Feature drift happens when the statistical distribution of the inputs your model relies on shifts over time, causing the model’s assumptions and decision boundaries to become invalid. If it’s not addressed, you get degraded accuracy, hidden failure modes, and potential fairness issues as different subpopulations drift unequally. But it’s not easy to spot by hand – detecting drift requires continuous monitoring of feature and output distributions, alerting on significant changes, and maintaining automated retraining pipelines to keep the model aligned with current data.

A feature store like Tecton ensures consistency between offline training and online serving by using unified feature definitions, eliminating the risk of training/serving misalignment. The feature store manages data pipelines and maintains fresh, inference-ready features continuously – and it’s the perfect place to check on feature value drift.
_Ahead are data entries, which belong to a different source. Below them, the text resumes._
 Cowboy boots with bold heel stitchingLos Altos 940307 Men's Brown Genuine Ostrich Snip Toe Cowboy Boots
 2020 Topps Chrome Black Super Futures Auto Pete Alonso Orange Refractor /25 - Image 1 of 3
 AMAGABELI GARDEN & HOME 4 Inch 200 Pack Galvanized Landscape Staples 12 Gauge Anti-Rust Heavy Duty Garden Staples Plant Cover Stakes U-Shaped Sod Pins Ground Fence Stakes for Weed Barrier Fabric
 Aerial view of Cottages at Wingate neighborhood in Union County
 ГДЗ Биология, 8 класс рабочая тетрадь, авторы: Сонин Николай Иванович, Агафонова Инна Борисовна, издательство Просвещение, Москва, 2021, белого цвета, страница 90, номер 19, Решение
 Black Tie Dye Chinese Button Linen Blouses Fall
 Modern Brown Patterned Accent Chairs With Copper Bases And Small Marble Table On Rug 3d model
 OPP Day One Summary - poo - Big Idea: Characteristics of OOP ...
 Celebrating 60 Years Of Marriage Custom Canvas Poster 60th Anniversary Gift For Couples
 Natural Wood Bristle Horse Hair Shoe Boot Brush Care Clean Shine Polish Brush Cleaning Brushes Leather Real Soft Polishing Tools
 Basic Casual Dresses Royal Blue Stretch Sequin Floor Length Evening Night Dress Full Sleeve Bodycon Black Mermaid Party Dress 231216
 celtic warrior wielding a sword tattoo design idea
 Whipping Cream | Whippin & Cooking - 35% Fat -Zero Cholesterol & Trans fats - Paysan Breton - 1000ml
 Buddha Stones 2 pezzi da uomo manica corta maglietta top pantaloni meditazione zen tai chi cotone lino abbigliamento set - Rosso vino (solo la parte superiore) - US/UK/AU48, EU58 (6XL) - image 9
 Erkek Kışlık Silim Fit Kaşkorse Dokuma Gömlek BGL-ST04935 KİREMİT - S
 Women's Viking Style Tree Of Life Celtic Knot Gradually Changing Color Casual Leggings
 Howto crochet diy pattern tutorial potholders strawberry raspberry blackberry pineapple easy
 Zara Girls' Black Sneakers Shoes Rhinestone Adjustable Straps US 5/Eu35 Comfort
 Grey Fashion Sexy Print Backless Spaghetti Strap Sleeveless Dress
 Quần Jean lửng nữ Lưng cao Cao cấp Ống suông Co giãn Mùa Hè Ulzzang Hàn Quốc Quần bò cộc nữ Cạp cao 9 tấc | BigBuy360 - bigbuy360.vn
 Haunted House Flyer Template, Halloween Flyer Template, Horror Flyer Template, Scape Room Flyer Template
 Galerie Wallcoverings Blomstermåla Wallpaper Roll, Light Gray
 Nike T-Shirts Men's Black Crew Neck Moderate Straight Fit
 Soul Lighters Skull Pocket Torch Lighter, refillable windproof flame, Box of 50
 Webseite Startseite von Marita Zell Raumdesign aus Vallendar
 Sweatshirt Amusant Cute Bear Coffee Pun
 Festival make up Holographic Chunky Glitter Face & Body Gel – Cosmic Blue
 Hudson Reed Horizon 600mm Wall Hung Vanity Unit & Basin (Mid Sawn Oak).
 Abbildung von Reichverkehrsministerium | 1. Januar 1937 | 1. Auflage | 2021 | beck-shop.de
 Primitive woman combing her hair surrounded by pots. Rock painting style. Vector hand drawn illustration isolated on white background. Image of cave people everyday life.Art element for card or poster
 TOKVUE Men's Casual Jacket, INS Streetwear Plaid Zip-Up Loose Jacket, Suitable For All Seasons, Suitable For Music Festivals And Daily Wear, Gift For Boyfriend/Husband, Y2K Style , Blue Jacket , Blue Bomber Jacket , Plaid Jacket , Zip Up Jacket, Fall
However, although feature platforms typically provide basic data quality metrics and validation capabilities, they generally lack comprehensive model performance monitoring and feature drift detection functionality.

For machine learning applications, Arize delivers a comprehensive monitoring solution that tracks model performance in production environments. It monitors data quality, performance metrics, and drift across both model outputs and input features. Arize functions as an early warning system that completes the ML lifecycle feedback loop, enabling continuous model enhancement.

Combining feature platforms with Arize’s monitoring capabilities is straightforward. Since feature platforms generate training datasets and serve features for online inference, the same feature values and predictions can be forwarded to Arize for comprehensive logging and monitoring analysis.

Tecton / Arize data flow diagram — Tecton + Arize Integration Data Flow

During model development, training data can be uploaded to Arize to establish a training baseline that defines expected distributions for both features and predictions. When a model generates predictions using Tecton features, Arize logs the event identifier, prediction results, and input features. And, once events are labeled with ground truth, this data is also uploaded to Arize. This process enables Arize to monitor feature and model drift by comparing current values against the established training baseline.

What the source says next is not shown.